(Crawled caption data)

========================================

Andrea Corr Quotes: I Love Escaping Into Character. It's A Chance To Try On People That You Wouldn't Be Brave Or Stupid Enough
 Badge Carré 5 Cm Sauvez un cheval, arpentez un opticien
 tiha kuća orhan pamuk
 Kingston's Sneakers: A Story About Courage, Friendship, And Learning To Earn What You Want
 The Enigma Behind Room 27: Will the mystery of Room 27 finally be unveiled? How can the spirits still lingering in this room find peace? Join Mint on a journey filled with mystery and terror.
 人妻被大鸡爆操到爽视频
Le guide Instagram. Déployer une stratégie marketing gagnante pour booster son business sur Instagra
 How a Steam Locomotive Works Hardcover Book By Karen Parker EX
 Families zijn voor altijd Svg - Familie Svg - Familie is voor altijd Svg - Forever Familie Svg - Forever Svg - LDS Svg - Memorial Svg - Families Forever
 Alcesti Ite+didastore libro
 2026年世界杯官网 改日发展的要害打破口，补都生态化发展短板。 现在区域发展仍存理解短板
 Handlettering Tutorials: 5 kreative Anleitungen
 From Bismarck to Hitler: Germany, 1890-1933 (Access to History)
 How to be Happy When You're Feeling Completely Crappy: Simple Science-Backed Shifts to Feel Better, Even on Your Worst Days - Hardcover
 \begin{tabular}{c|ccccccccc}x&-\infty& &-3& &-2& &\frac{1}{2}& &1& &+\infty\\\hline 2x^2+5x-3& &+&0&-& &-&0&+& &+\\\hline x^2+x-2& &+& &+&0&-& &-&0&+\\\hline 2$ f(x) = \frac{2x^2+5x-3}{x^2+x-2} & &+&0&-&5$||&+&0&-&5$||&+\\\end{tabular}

========================================

Your assignment -> All that should be written out is the stretch of lines above between the one holding "Families zijn voor" and the one holding "How to be Happy", inclusive, exactly as given.

Your response ->
 Families zijn voor altijd Svg - Familie Svg - Familie is voor altijd Svg - Forever Familie Svg - Forever Svg - LDS Svg - Memorial Svg - Families Forever
 Alcesti Ite+didastore libro
 2026年世界杯官网 改日发展的要害打破口，补都生态化发展短板。 现在区域发展仍存理解短板
 Handlettering Tutorials: 5 kreative Anleitungen
 From Bismarck to Hitler: Germany, 1890-1933 (Access to History)
 How to be Happy When You're Feeling Completely Crappy: Simple Science-Backed Shifts to Feel Better, Even on Your Worst Days - Hardcover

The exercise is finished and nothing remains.